6. It will be observed, therefore, that it is not until the landlord proves that the land which is to be held rent-free lies within his regularly assessed estate or mahal and that revenue has been assessed on it, that the onus is shifted to the defendants to prove that they were entitled to hold the land free of the obligation to pay rent for it. The decision in Jagdeo Narain Singh v. Baldeo Singh 1922 PC 272 has been considered by Khaja Mohamad Noor, J. in Second Appeals 1584 to 1590 of 1930, decided on 28th April 1933. Those appeals arose out of seven suits instituted by a patnidar under the Raja of Pachet, who is the appellant in the present appeal, for a declaration that the entry in the Record of Rights, that the defendants were nishkar brahmottardars, was incorrect and that the lands in their possession were liable to rent. In the Courts below the suits had been dismissed on the ground that the presumption arising from the entry in the Record of Rights had not been rebutted. In second appeal to the High Court the plaintiff contended that having proved that the lands were situate within his zamindari the presumption of the Record of Rights was rebutted and the onus was shifted upon the defendants to establish that they had acquired a right to hold the lands free of rent. In that case, as in the present appeal, reliance was placed on the decision of the Privy Council, Jagdeo Narain Singh v. Baldeo Singh 1922 PC 272. Khaja Mohamad Noor, J. observed:

I am clearly of opinion therefore that the important words in the judgment of their Lordships of the Judicial Committee in Jagdeo Narain Singh v. Baldeo Singh 1922 PC 272 are "the land which is sought to be held rent-free lies within his regularly assessed estate or mahal," "the land in dispute lies within the ambit of the estate for which they pay revenue assessed in the mauza."

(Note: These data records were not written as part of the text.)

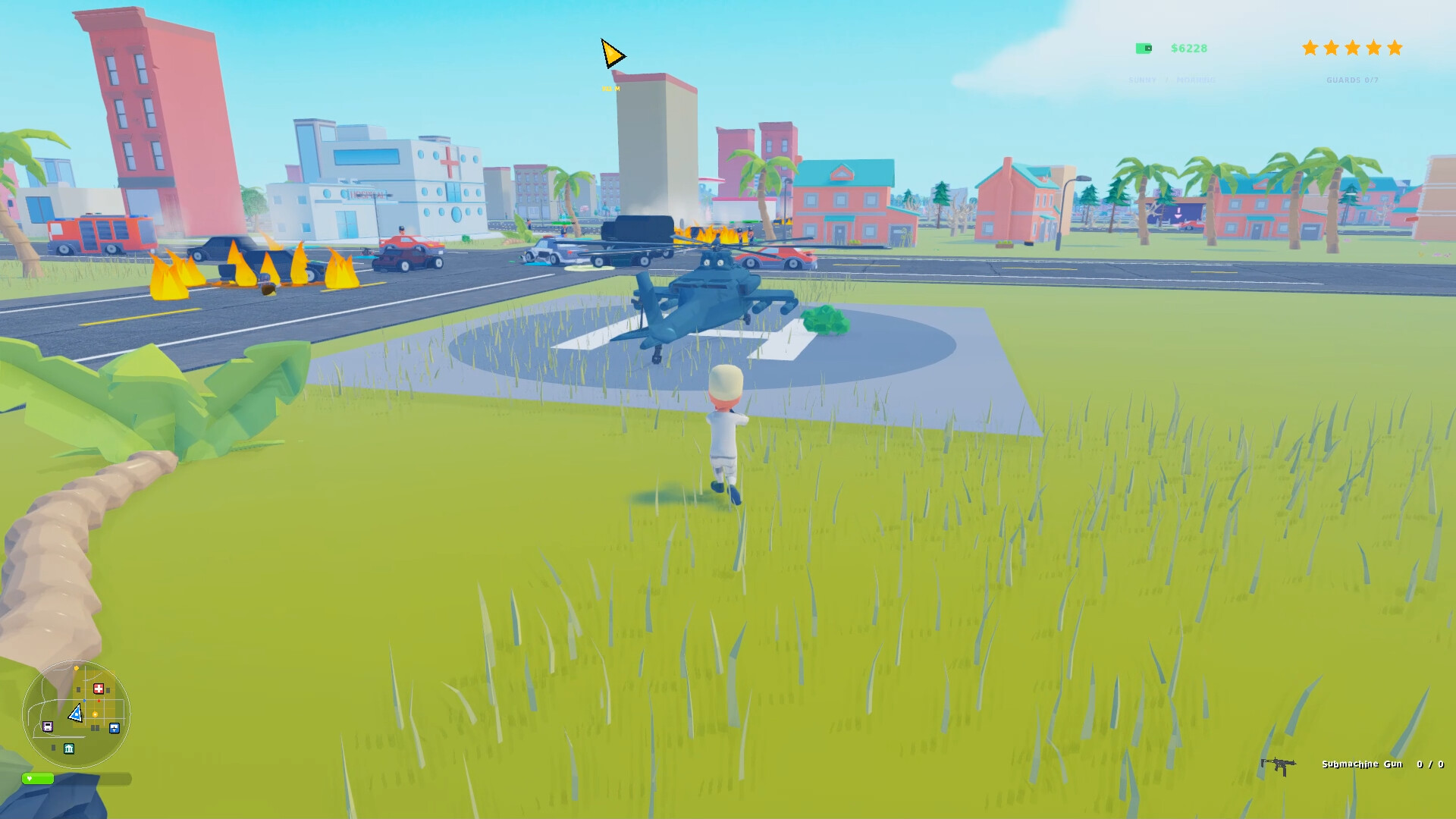 Cartoon Crime screenshot 4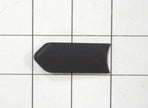 Frigidaire 242161202 Black Cabinet Corner Trim for Refrigerator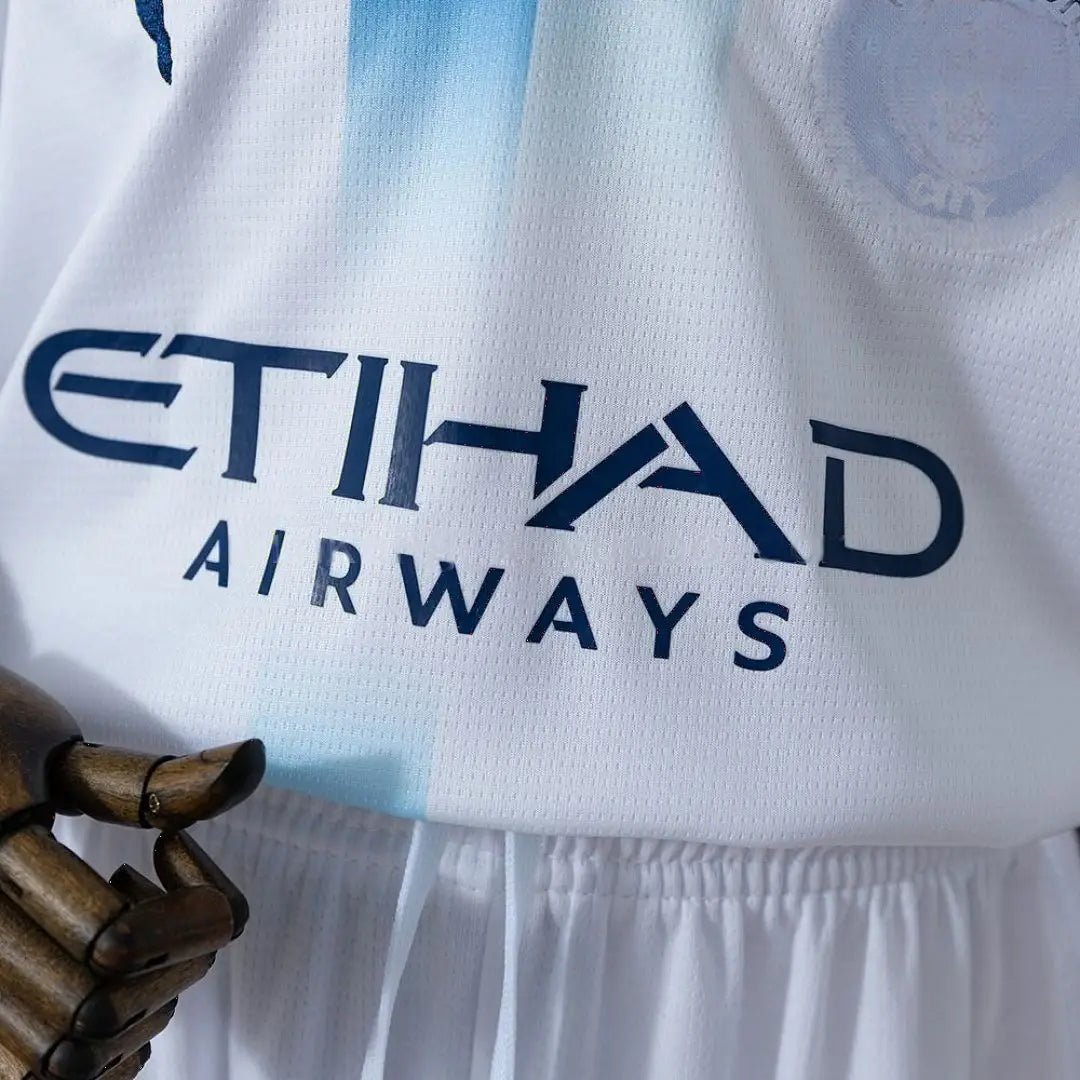 Kit Ensemble Football Manchester City Third Enfant 2026/27 .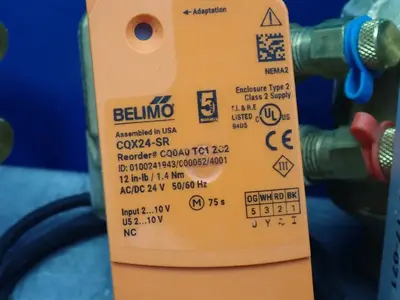New | in-Stock BELIMO CQX24SR Valves/Fittings | HGR 24 #733160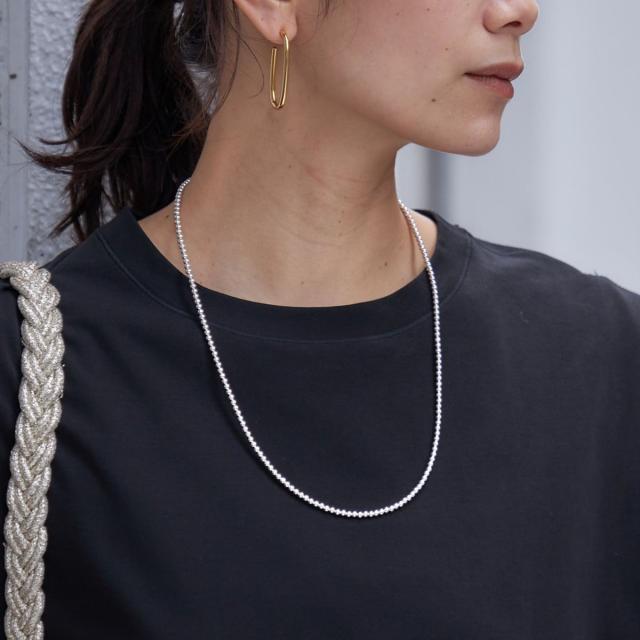 シップス（SHIPS）/INDIAN JEWELRY:ナバホ パール ネックレス（3mm）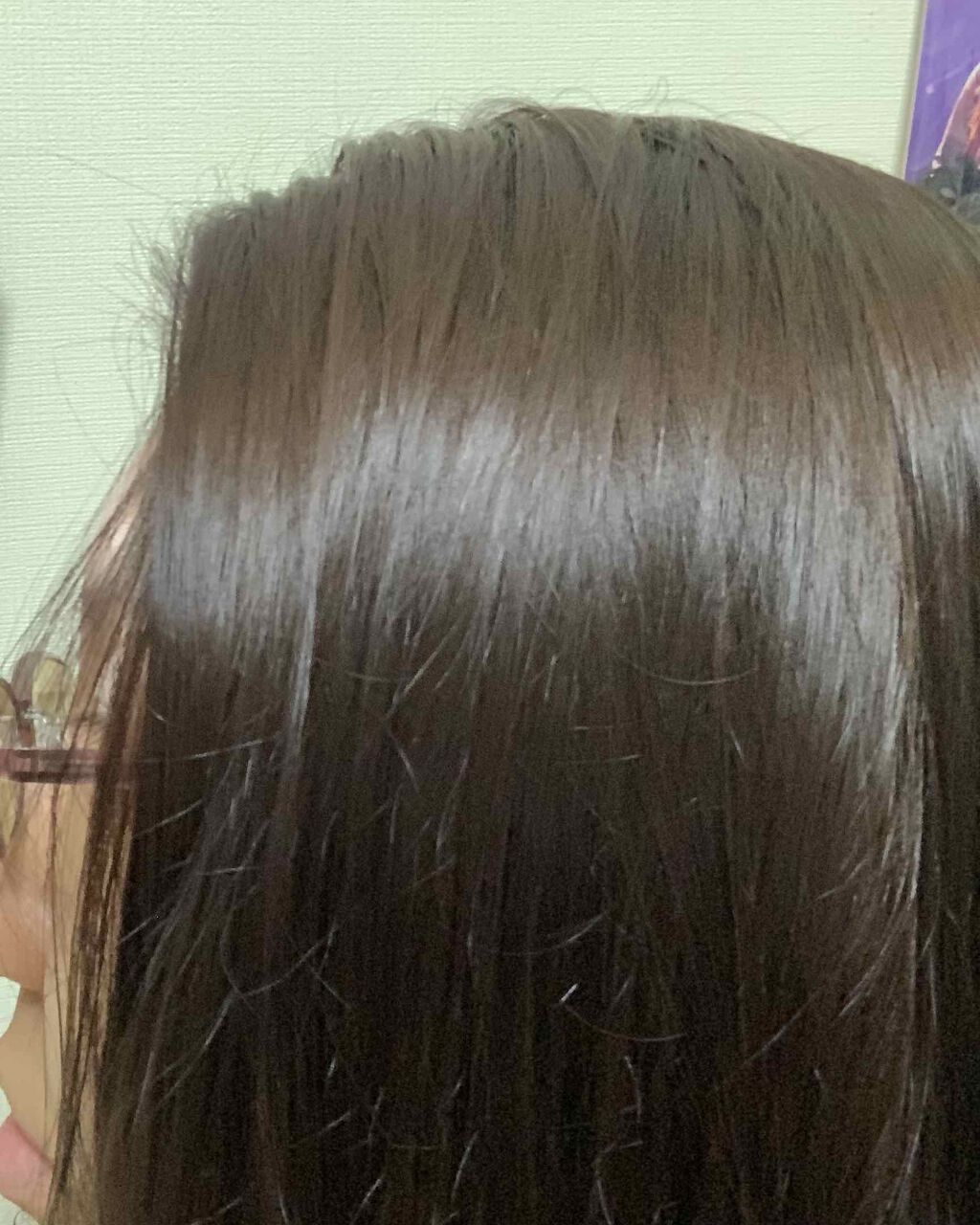 メイクアップカラー パープルアッシュ/ビューティーン/ヘアカラーを使ったクチコミ（3枚目）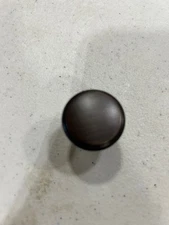 Elements Gatsby 1.12 diam. in. Cabinet Knob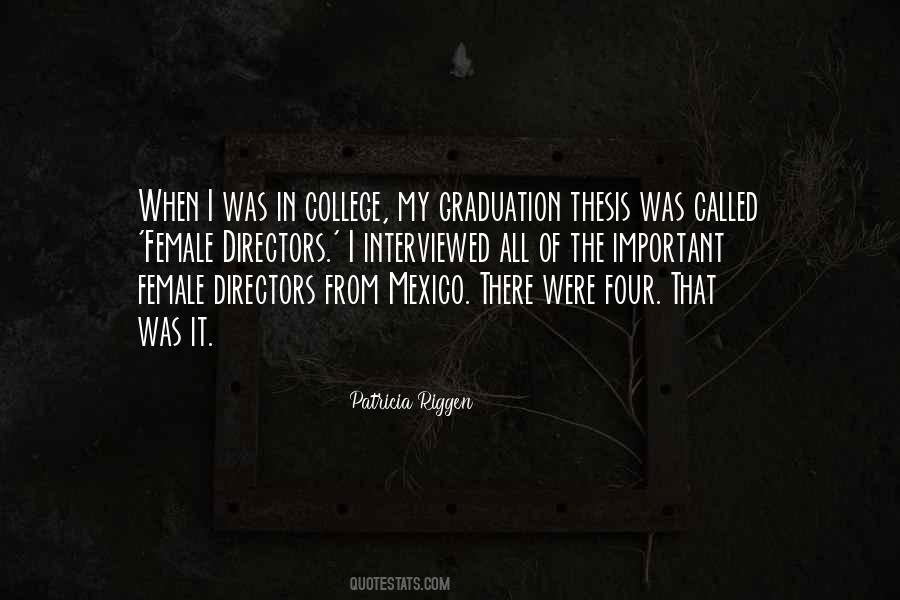 Quotes About Graduation From College #1851171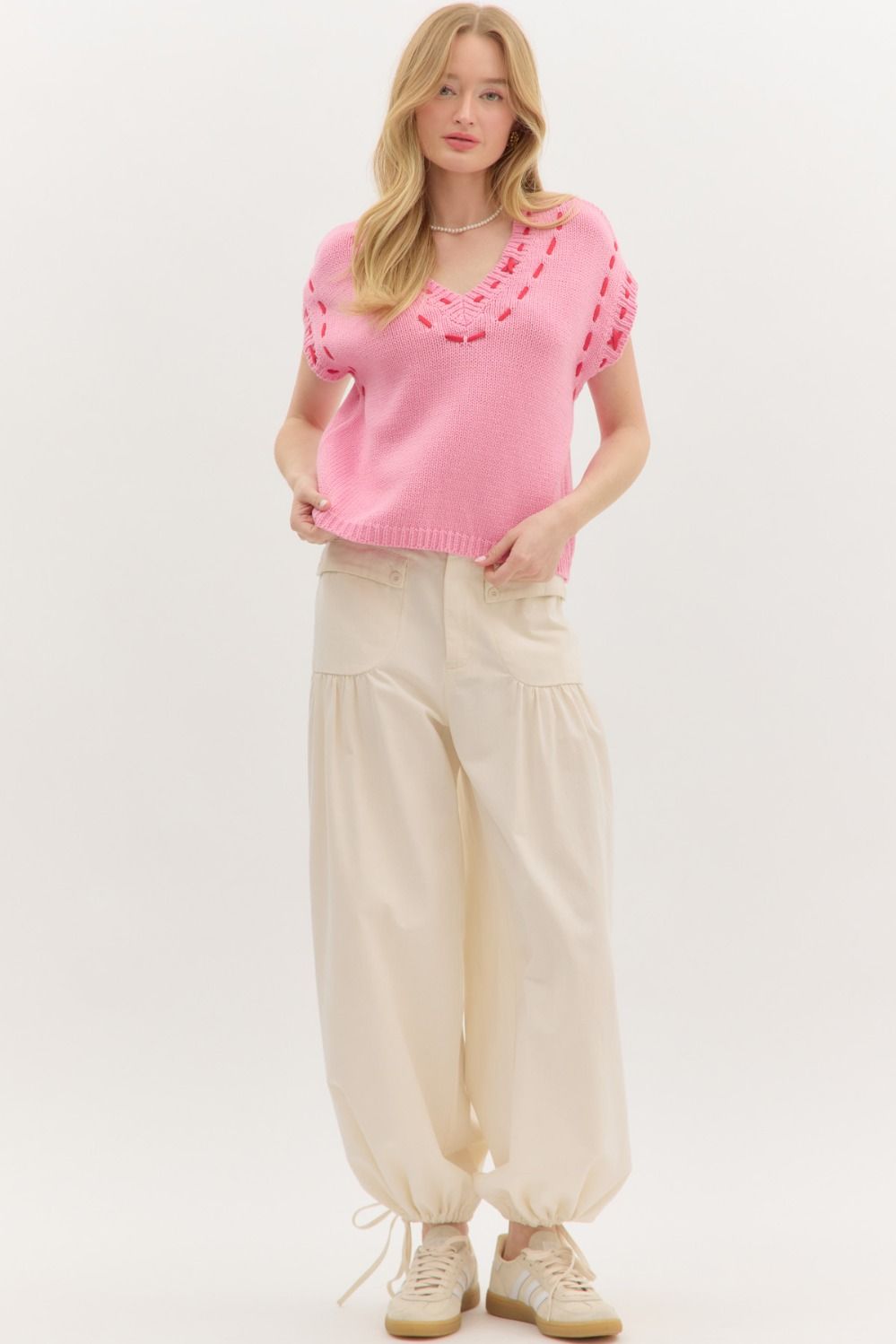 Kaylie Top - Pink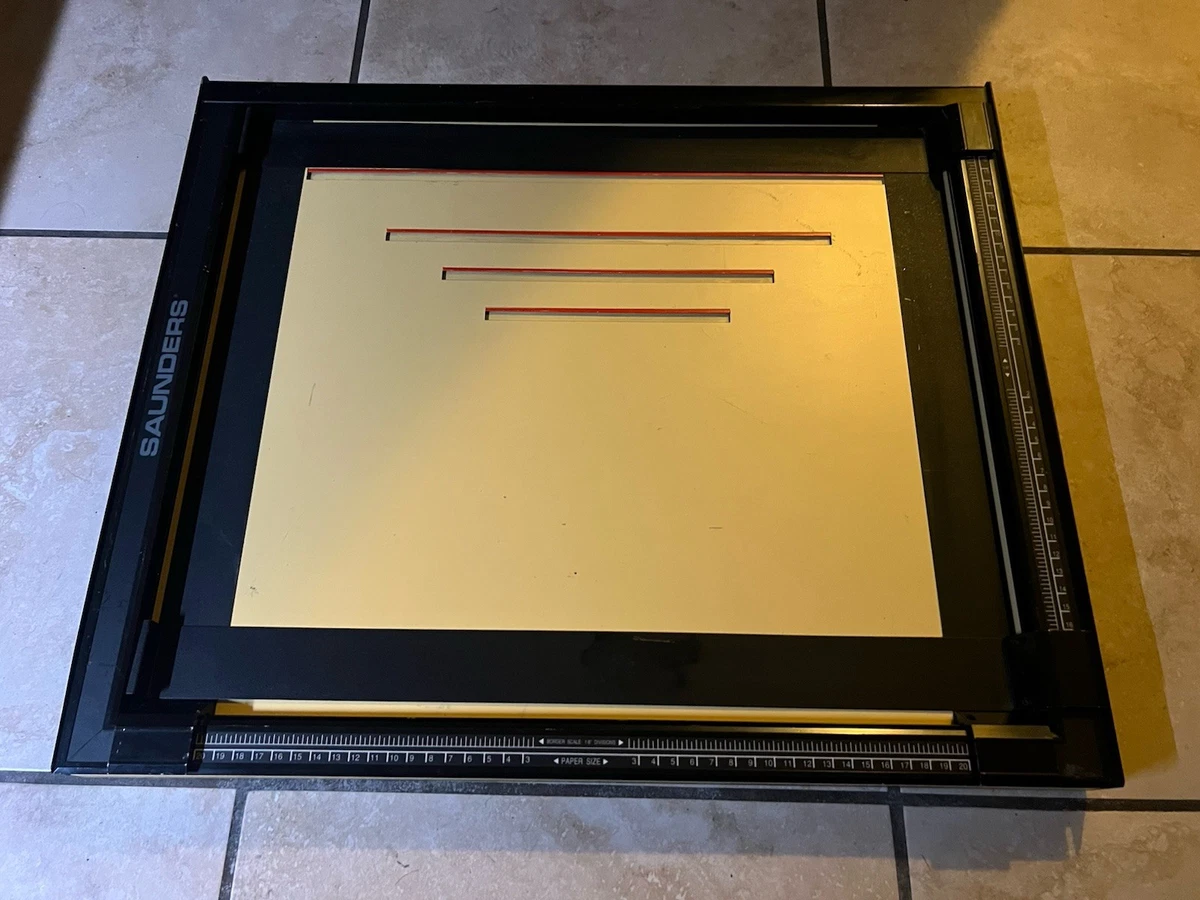 Saunders Darkroom Easels and Negative Carriers for sale - eBay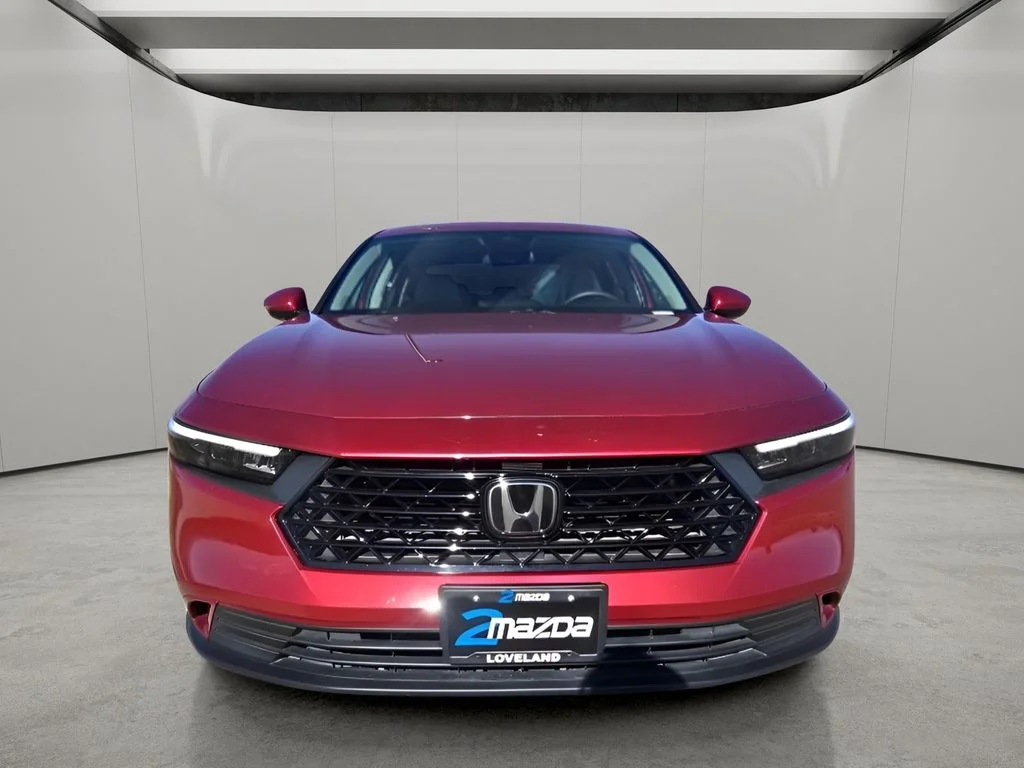Used 2023 Radiant Red Metallic Honda EX image 9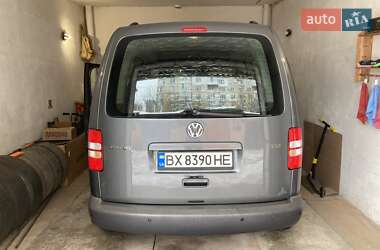 Мінівен Volkswagen Caddy 2010 в Хмельницькому
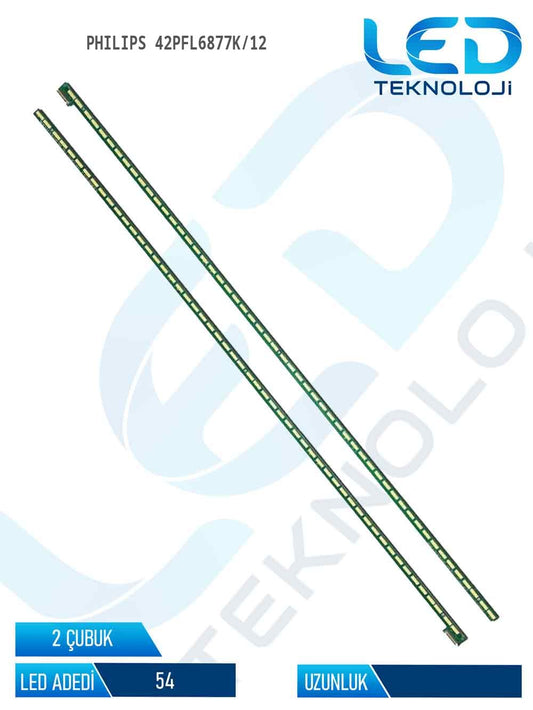 Philips 42PFL6877K/12 42'' 2 Parça Tv Led Bar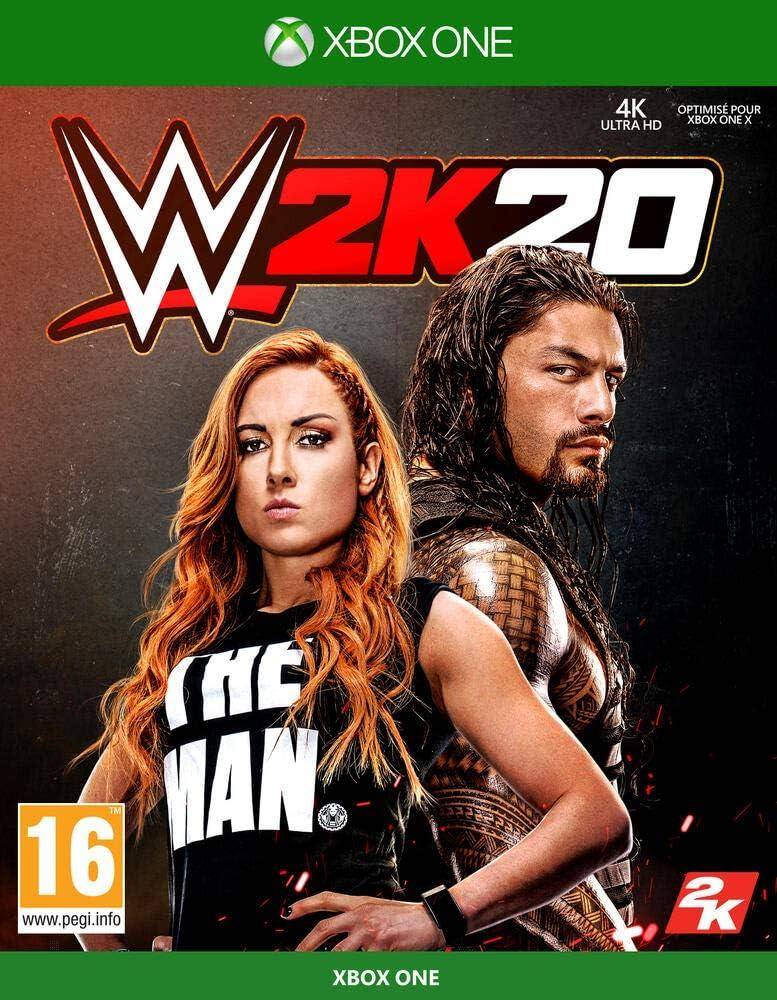 XBOX One - WWE 2K20 (Gebraucht)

7. The view that we take of the decision in Jagdeo Narain Singh v. Baldeo Singh 1922 PC 272 therefore appears to be in accord with the view taken by Khaja Mohamad Noor, J. in the unreported second appeals. The decision of the Privy Council in Jagdeo Narain Singh v. Baldeo Singh 1922 PC 272 has also been considered by Benches of this Court in Jodha Sahu v. Tirbena Sahu 1929 Pat 748 and Lachuman Lal Pathak v. Kamakhya Narayan Singh 1931 Pat 224 . There is nothing in either of these decisions to support the contention of the learned advocate for the appellant. The onus of proving that the Government revenue fixed in 1793 is assessed on any particular lands as being included in the permanent settlement is on those who affirm that such is the case, 30 Cal 291. The onus, therefore, of proving in the present case that Shampur was included within the lands in respect of which the predecessor of the plaintiff was assessed lies on him and he has failed to discharge that onus to the satisfaction of the Court of fact below. The statutory presumption in favour of the defendants, therefore, remains unrebutted with the result that this appeal must be dismissed with costs.

Varma, J.

8. I agree.

Advocate List
Bench
  • HON'BLE JUSTICE Varma, J
  • HON'BLE JUSTICE Agarwala, J
Eq Citations
  • AIR 1936 PAT 543
  • LQ/PatHC/1935/176
Head Note

A. Evidence Act, 1872 — S. 13(b) — Statements in patta and kabuliat — Admissibility — Mauza recorded as rent-free debatter property of defendant idols — Statements in patta and kabuliat describing mauza as defendants' lakheraj debatter property — Held, not admissible to prove contention of defendants — Statements in statement made by an ancestor of defendants in course of filing road-cess return in 1872, describing mauza as his rent-free debatter property — Held, also inadmissible — Evidence Act, 1872, S. 13(b)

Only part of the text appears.